Will you write out all the entries below exactly?
*** Opening THE DATA ***
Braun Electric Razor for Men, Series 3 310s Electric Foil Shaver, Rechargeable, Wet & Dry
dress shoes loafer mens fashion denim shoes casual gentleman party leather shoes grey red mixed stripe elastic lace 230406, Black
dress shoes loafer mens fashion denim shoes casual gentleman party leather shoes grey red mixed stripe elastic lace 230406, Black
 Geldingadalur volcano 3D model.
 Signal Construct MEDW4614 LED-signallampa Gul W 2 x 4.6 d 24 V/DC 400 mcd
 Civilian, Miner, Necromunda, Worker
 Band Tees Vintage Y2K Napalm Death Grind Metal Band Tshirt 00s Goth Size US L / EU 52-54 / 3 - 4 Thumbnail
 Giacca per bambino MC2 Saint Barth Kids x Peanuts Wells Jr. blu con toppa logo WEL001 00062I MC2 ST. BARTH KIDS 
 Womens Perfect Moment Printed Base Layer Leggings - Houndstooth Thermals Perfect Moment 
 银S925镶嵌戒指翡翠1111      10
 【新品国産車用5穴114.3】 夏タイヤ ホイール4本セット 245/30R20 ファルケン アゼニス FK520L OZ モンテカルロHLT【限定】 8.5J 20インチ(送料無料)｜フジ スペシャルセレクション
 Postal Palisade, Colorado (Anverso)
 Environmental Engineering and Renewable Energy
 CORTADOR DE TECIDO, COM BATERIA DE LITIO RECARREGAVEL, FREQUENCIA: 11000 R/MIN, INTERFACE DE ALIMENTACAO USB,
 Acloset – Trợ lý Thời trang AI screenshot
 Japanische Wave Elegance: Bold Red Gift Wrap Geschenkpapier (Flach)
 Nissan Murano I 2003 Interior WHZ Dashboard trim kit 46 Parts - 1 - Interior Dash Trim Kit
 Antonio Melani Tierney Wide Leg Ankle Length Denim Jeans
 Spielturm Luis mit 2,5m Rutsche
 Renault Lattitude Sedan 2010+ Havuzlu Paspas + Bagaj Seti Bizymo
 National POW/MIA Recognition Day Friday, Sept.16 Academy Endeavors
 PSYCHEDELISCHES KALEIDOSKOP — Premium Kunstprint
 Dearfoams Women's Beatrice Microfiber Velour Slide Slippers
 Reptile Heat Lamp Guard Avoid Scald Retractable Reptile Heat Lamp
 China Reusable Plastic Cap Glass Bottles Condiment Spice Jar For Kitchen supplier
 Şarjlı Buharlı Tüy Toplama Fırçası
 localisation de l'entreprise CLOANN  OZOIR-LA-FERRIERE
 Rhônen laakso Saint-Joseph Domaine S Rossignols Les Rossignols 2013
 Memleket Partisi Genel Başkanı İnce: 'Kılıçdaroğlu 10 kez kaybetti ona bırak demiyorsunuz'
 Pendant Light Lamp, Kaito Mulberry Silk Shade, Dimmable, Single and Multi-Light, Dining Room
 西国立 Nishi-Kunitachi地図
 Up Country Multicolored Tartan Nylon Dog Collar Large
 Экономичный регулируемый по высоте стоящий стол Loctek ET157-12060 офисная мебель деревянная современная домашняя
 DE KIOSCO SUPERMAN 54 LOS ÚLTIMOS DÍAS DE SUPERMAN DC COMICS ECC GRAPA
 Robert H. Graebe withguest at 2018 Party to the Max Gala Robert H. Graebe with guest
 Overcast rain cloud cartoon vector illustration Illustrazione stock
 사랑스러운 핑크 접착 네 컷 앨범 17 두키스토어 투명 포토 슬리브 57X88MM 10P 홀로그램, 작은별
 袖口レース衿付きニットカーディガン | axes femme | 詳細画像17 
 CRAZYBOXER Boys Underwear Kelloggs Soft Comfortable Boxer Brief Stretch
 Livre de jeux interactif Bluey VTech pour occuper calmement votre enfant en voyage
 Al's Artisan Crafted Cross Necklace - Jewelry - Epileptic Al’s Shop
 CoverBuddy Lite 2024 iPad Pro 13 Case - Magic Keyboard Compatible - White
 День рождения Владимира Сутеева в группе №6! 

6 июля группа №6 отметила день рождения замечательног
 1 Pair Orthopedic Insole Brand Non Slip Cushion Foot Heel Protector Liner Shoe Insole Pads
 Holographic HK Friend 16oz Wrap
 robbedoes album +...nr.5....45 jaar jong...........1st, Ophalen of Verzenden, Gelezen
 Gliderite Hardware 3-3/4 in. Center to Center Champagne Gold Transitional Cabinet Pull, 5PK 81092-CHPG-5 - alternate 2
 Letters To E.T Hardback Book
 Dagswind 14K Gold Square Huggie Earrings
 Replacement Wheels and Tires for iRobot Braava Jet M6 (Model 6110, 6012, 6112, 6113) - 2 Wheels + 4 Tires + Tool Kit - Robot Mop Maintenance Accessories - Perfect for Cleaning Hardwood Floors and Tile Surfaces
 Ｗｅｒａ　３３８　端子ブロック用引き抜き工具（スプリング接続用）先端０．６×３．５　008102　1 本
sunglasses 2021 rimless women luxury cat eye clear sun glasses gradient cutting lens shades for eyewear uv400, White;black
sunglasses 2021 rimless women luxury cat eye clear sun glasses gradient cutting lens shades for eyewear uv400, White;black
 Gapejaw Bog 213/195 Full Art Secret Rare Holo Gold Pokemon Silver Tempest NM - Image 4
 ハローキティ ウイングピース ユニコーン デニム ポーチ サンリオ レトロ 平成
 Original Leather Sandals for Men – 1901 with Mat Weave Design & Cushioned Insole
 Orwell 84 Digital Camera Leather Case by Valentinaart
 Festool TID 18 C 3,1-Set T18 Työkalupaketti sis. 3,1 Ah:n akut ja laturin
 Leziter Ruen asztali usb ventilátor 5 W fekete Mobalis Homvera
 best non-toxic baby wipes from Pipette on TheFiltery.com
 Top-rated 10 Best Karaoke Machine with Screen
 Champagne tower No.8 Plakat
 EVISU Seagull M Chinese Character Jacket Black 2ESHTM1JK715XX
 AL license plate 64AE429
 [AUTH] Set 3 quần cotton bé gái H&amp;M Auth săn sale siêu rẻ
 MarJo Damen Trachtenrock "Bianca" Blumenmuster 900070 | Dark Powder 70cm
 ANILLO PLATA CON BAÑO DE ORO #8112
*** Closing THE DATA ***
__ANSWER TO THE PROBLEM__.
Braun Electric Razor for Men, Series 3 310s Electric Foil Shaver, Rechargeable, Wet & Dry
dress shoes loafer mens fashion denim shoes casual gentleman party leather shoes grey red mixed stripe elastic lace 230406, Black
dress shoes loafer mens fashion denim shoes casual gentleman party leather shoes grey red mixed stripe elastic lace 230406, Black
 Geldingadalur volcano 3D model.
 Signal Construct MEDW4614 LED-signallampa Gul W 2 x 4.6 d 24 V/DC 400 mcd
 Civilian, Miner, Necromunda, Worker
 Band Tees Vintage Y2K Napalm Death Grind Metal Band Tshirt 00s Goth Size US L / EU 52-54 / 3 - 4 Thumbnail
 Giacca per bambino MC2 Saint Barth Kids x Peanuts Wells Jr. blu con toppa logo WEL001 00062I MC2 ST. BARTH KIDS 
 Womens Perfect Moment Printed Base Layer Leggings - Houndstooth Thermals Perfect Moment 
 银S925镶嵌戒指翡翠1111      10
 【新品国産車用5穴114.3】 夏タイヤ ホイール4本セット 245/30R20 ファルケン アゼニス FK520L OZ モンテカルロHLT【限定】 8.5J 20インチ(送料無料)｜フジ スペシャルセレクション
 Postal Palisade, Colorado (Anverso)
 Environmental Engineering and Renewable Energy
 CORTADOR DE TECIDO, COM BATERIA DE LITIO RECARREGAVEL, FREQUENCIA: 11000 R/MIN, INTERFACE DE ALIMENTACAO USB,
 Acloset – Trợ lý Thời trang AI screenshot
 Japanische Wave Elegance: Bold Red Gift Wrap Geschenkpapier (Flach)
 Nissan Murano I 2003 Interior WHZ Dashboard trim kit 46 Parts - 1 - Interior Dash Trim Kit
 Antonio Melani Tierney Wide Leg Ankle Length Denim Jeans
 Spielturm Luis mit 2,5m Rutsche
 Renault Lattitude Sedan 2010+ Havuzlu Paspas + Bagaj Seti Bizymo
 National POW/MIA Recognition Day Friday, Sept.16 Academy Endeavors
 PSYCHEDELISCHES KALEIDOSKOP — Premium Kunstprint
 Dearfoams Women's Beatrice Microfiber Velour Slide Slippers
 Reptile Heat Lamp Guard Avoid Scald Retractable Reptile Heat Lamp
 China Reusable Plastic Cap Glass Bottles Condiment Spice Jar For Kitchen supplier
 Şarjlı Buharlı Tüy Toplama Fırçası
 localisation de l'entreprise CLOANN  OZOIR-LA-FERRIERE
 Rhônen laakso Saint-Joseph Domaine S Rossignols Les Rossignols 2013
 Memleket Partisi Genel Başkanı İnce: 'Kılıçdaroğlu 10 kez kaybetti ona bırak demiyorsunuz'
 Pendant Light Lamp, Kaito Mulberry Silk Shade, Dimmable, Single and Multi-Light, Dining Room
 西国立 Nishi-Kunitachi地図
 Up Country Multicolored Tartan Nylon Dog Collar Large
 Экономичный регулируемый по высоте стоящий стол Loctek ET157-12060 офисная мебель деревянная современная домашняя
 DE KIOSCO SUPERMAN 54 LOS ÚLTIMOS DÍAS DE SUPERMAN DC COMICS ECC GRAPA
 Robert H. Graebe withguest at 2018 Party to the Max Gala Robert H. Graebe with guest
 Overcast rain cloud cartoon vector illustration Illustrazione stock
 사랑스러운 핑크 접착 네 컷 앨범 17 두키스토어 투명 포토 슬리브 57X88MM 10P 홀로그램, 작은별
 袖口レース衿付きニットカーディガン | axes femme | 詳細画像17 
 CRAZYBOXER Boys Underwear Kelloggs Soft Comfortable Boxer Brief Stretch
 Livre de jeux interactif Bluey VTech pour occuper calmement votre enfant en voyage
 Al's Artisan Crafted Cross Necklace - Jewelry - Epileptic Al’s Shop
 CoverBuddy Lite 2024 iPad Pro 13 Case - Magic Keyboard Compatible - White
 День рождения Владимира Сутеева в группе №6! 

6 июля группа №6 отметила день рождения замечательног
 1 Pair Orthopedic Insole Brand Non Slip Cushion Foot Heel Protector Liner Shoe Insole Pads
 Holographic HK Friend 16oz Wrap
 robbedoes album +...nr.5....45 jaar jong...........1st, Ophalen of Verzenden, Gelezen
 Gliderite Hardware 3-3/4 in. Center to Center Champagne Gold Transitional Cabinet Pull, 5PK 81092-CHPG-5 - alternate 2
 Letters To E.T Hardback Book
 Dagswind 14K Gold Square Huggie Earrings
 Replacement Wheels and Tires for iRobot Braava Jet M6 (Model 6110, 6012, 6112, 6113) - 2 Wheels + 4 Tires + Tool Kit - Robot Mop Maintenance Accessories - Perfect for Cleaning Hardwood Floors and Tile Surfaces
 Ｗｅｒａ　３３８　端子ブロック用引き抜き工具（スプリング接続用）先端０．６×３．５　008102　1 本
sunglasses 2021 rimless women luxury cat eye clear sun glasses gradient cutting lens shades for eyewear uv400, White;black
sunglasses 2021 rimless women luxury cat eye clear sun glasses gradient cutting lens shades for eyewear uv400, White;black
 Gapejaw Bog 213/195 Full Art Secret Rare Holo Gold Pokemon Silver Tempest NM - Image 4
 ハローキティ ウイングピース ユニコーン デニム ポーチ サンリオ レトロ 平成
 Original Leather Sandals for Men – 1901 with Mat Weave Design & Cushioned Insole
 Orwell 84 Digital Camera Leather Case by Valentinaart
 Festool TID 18 C 3,1-Set T18 Työkalupaketti sis. 3,1 Ah:n akut ja laturin
 Leziter Ruen asztali usb ventilátor 5 W fekete Mobalis Homvera
 best non-toxic baby wipes from Pipette on TheFiltery.com
 Top-rated 10 Best Karaoke Machine with Screen
 Champagne tower No.8 Plakat
 EVISU Seagull M Chinese Character Jacket Black 2ESHTM1JK715XX
 AL license plate 64AE429
 [AUTH] Set 3 quần cotton bé gái H&amp;M Auth săn sale siêu rẻ
 MarJo Damen Trachtenrock "Bianca" Blumenmuster 900070 | Dark Powder 70cm
 ANILLO PLATA CON BAÑO DE ORO #8112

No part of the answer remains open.